16.2 Waiver. The failure by either party at any time to enforce any of the provisions of this Agreement or any right or remedy available hereunder or at law or in equity, or to exercise any option herein provided, shall not constitute a waiver of such provision, right, remedy, or option or in any way affect the validity of this Agreement. The waiver of any default by either party shall not be deemed a continuing waiver, but shall apply solely to the instance to which such waiver is directed.
16.3 Recitals. The recitals are hereby incorporated into and made a part of this Agreement.
16.4 Severability. If any one or more of the provisions of this Agreement and/or SOW are for any reason held to be invalid, illegal or unenforceable by a court of competent jurisdiction, the remaining provisions of this Agreement will be unimpaired and will remain in full force and effect.
16.5 Survival. Any provision of this Agreement and/or SOW which, by its nature, would survive termination of this Agreement and/or SOW will survive any such termination of this Agreement and/or SOW.
16.6 Headings. The headings and titles of the Sections of this Agreement are not part of this Agreement, but are for convenience only and are not intended to define, limit or construe the contents of the provisions contained herein.

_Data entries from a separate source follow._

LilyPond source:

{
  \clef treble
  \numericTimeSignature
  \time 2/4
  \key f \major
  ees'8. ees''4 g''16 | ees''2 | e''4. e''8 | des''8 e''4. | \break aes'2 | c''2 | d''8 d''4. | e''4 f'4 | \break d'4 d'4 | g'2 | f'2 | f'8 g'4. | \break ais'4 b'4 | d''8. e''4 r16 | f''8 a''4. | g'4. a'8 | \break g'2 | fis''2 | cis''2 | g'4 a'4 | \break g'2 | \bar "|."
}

16.7 Amendment. Client agrees that CareTree may make modifications of or amendments to this Agreement and/or SOW. These shall be effective unless such modification or amendment is not allowed as a part of the SOW and in writing and signed by both parties hereto. Any prior agreements or representations, either written or oral, relating to the subject matter of this Agreement are of no force or effect.

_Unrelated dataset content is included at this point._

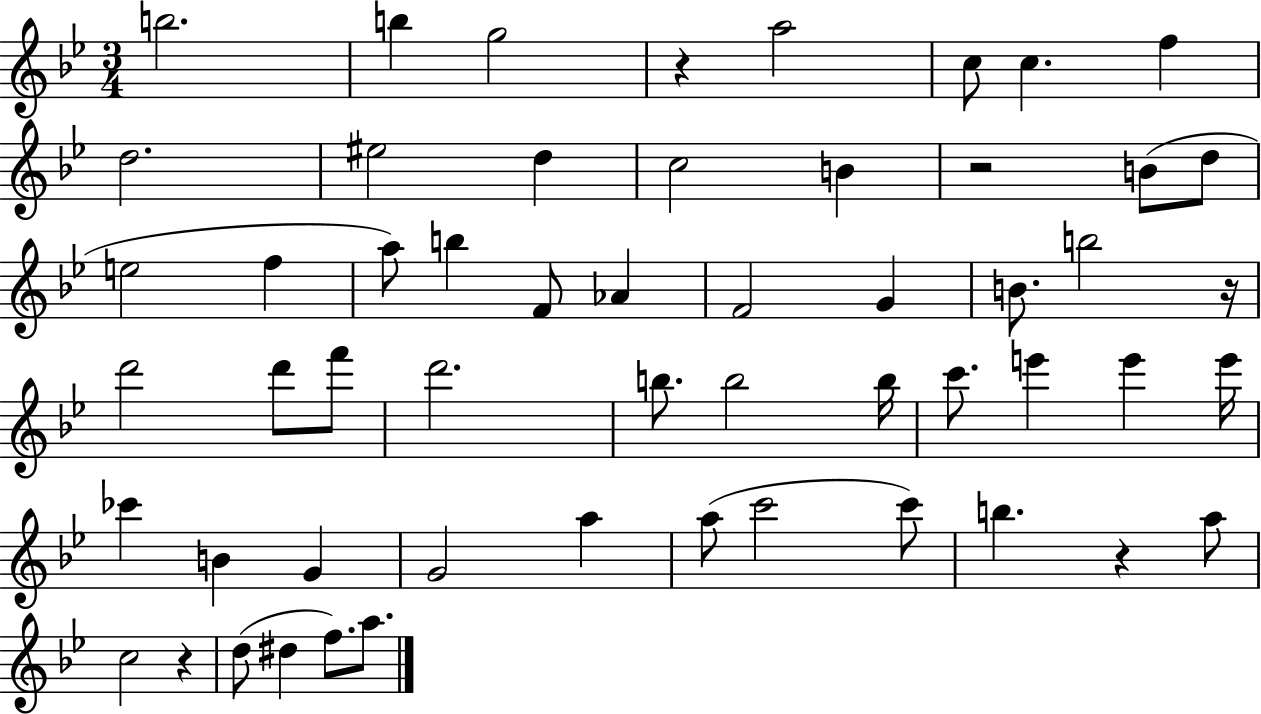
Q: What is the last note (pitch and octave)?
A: A5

16.8 Counterparts. This Agreement and any amendments thereto may be executed in counterparts and will not be effective or enforceable unless and until it is executed by an authorized representative of each of the relevant entities.
16.9 Entire Agreement. This Agreement, together with the applicable SOW, constitutes the entire agreement and understanding between the parties with respect to the subject matter hereof, and supersedes all prior agreements and understandings between the parties.
16.10 Execution and Electronic Signature. This Agreement, to the extent signed and delivered by means of a facsimile machine or electronic mail, shall be treated in all manner and respects as an original agreement or instrument and shall be considered to have the same binding legal effect as if it were the original signed version thereof delivered in person. The parties agree that an electronic signature is the legal equivalent of its manual signature on this Agreement. The parties agree that no certification authority or other third party verification is necessary to validate its electronic signature and that the lack of such certification of third party verification will not in any way affect the enforceability of the parties’ electronic signature or any resulting agreement between CareTree and Client.
Unless otherwise noted, signature of the SOW shall also serve as signature or agreement to this Agreement. If the SOW does not exist, then use of CareTree services by the Client shall be deemed signature or agreement to this Agreement.